I cento anni della “Coscienza di Zeno” e il paradosso profetico di un capolavoro dimenticato
Quando uscirono le prime copie de La coscienza di Zeno, pubblicate a proprie spese, Italo Svevo non immaginava di avere scritto il più bel romanzo del novecento italiano, quarant’anni dopo insidiato per spessore drammatico ma non per metafora ironica dal Male oscuro di Berto. E cent’anni dopo, quell’aria di decadentismo affascinante, italiana ma asburgica, con Trieste allo sfondo, è ancora fortemente presente.
La città della nevrosi e della nascita italiana della psicanalisi, che certo non poteva che passare a poche centinaia di chilometri da Vienna. Del resto, Weiss, il primo didatta italiano, analista di Svevo e successivamente di Saba, era profondamente triestino. Viene rabbia a pensare come La Coscienza venga sottovalutata nelle scuole, ignorata e paradossalmente anche per questo salvaguardata.

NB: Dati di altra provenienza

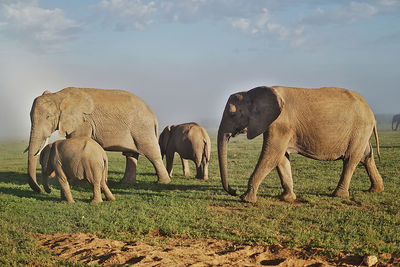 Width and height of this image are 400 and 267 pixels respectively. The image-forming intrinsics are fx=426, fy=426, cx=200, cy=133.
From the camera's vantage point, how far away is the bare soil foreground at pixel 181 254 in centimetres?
610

L’eterna, ultima sigaretta e quel finale profetico
Rileggerla un secolo dopo significa identificarsi totalmente con Zeno Cosini. Con la sua borghesia maldestra, alimentata da un pater malus che anche Berto imiterà. Quello schiaffo di commiato dalla vita consegna a Zeno la predestinazione al fallimento. Sposa la donna sbagliata, anzi la sorella sbagliata, gestisce opacamente la sua bottega, si dispera per l’ennesima , ultima ma mai ultima sigaretta. Affronta la novità irruente della psicanalisi distinguendosi per una rassegnazione stanca. Di fatto anche la terapia è inutile perché non c’è nulla da curare. La nevrosi, motore invece cruente della poetica sabiana, è un pegno da pagare. Zeno è l’emblema del suo fallimento, l’antitesi dell’eroe dannunziano che albergava in quegli anni. Il finale de la Coscienza è ancora oggi un affresco incredibilmente duale. Da un lato la suggestione della catarsi implosiva, dall’altro la profezia esatta di ciò che sarebbe accaduto vent’anni dopo. In quella terra errante e vagante nei cieli, ormai priva di malattie, vive sospeso il paradosso della decadenza. E anche questo è un manifesto letterario, prodromo politico oggi troppo rimosso. In memoria di Zeno.